### PROBLEM TO SOLVE
Set the listing down exactly; no pictures.

### AVAILABLE DATA
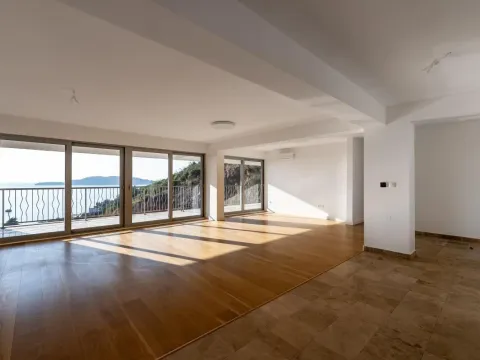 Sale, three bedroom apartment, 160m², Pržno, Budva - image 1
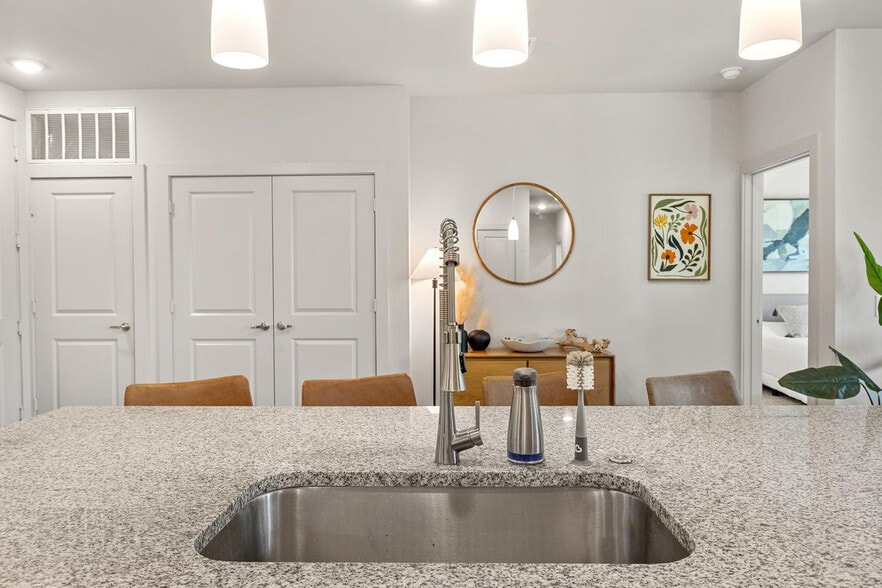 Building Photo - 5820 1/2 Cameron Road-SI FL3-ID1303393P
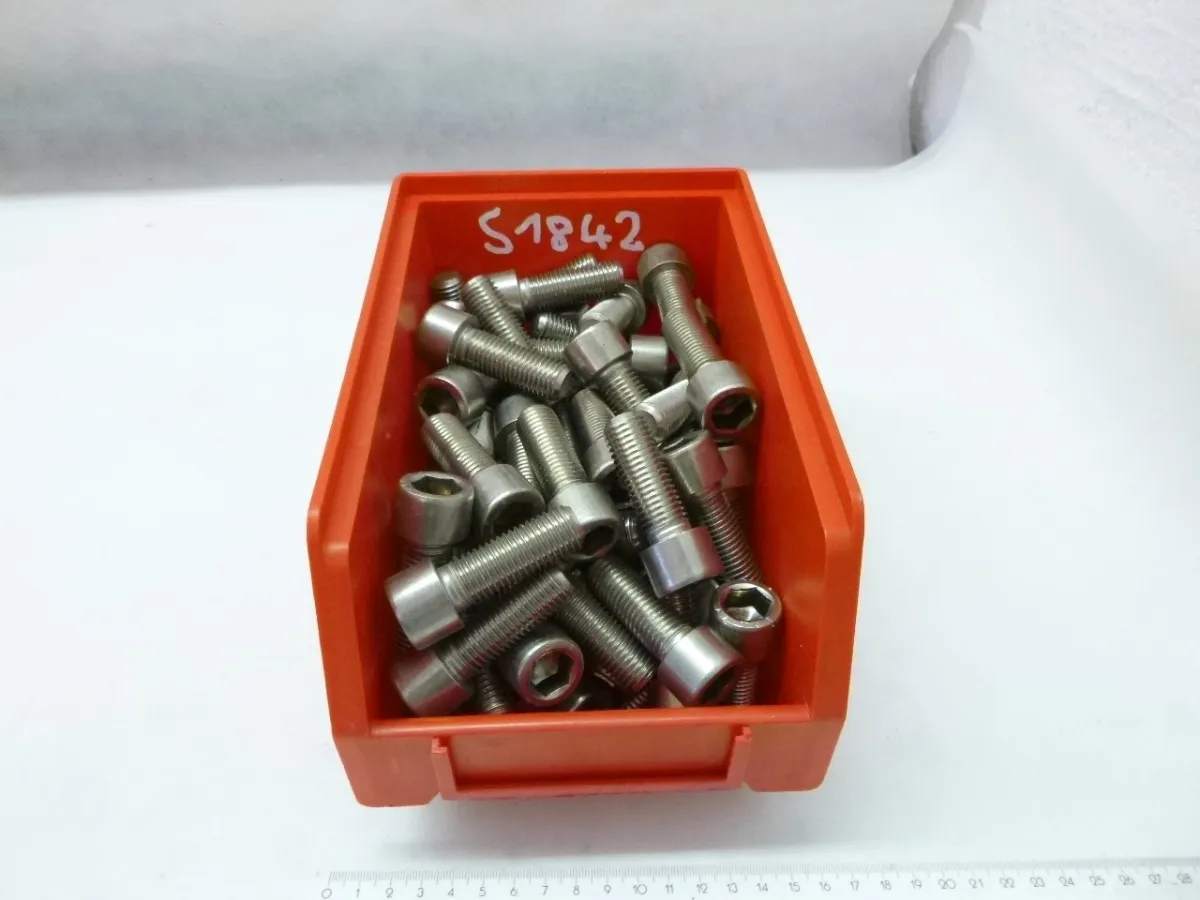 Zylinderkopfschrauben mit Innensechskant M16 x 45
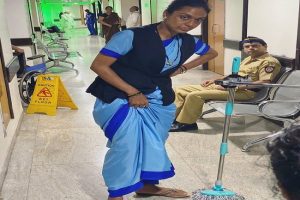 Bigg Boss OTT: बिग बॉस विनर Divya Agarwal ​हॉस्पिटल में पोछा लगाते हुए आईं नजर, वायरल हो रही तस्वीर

### SOLUTION TO THE EXERCISE
 Sale, three bedroom apartment, 160m², Pržno, Budva - image 1
 Building Photo - 5820 1/2 Cameron Road-SI FL3-ID1303393P
 Zylinderkopfschrauben mit Innensechskant M16 x 45
 Bigg Boss OTT: बिग बॉस विनर Divya Agarwal ​हॉस्पिटल में पोछा लगाते हुए आईं नजर, वायरल हो रही तस्वीर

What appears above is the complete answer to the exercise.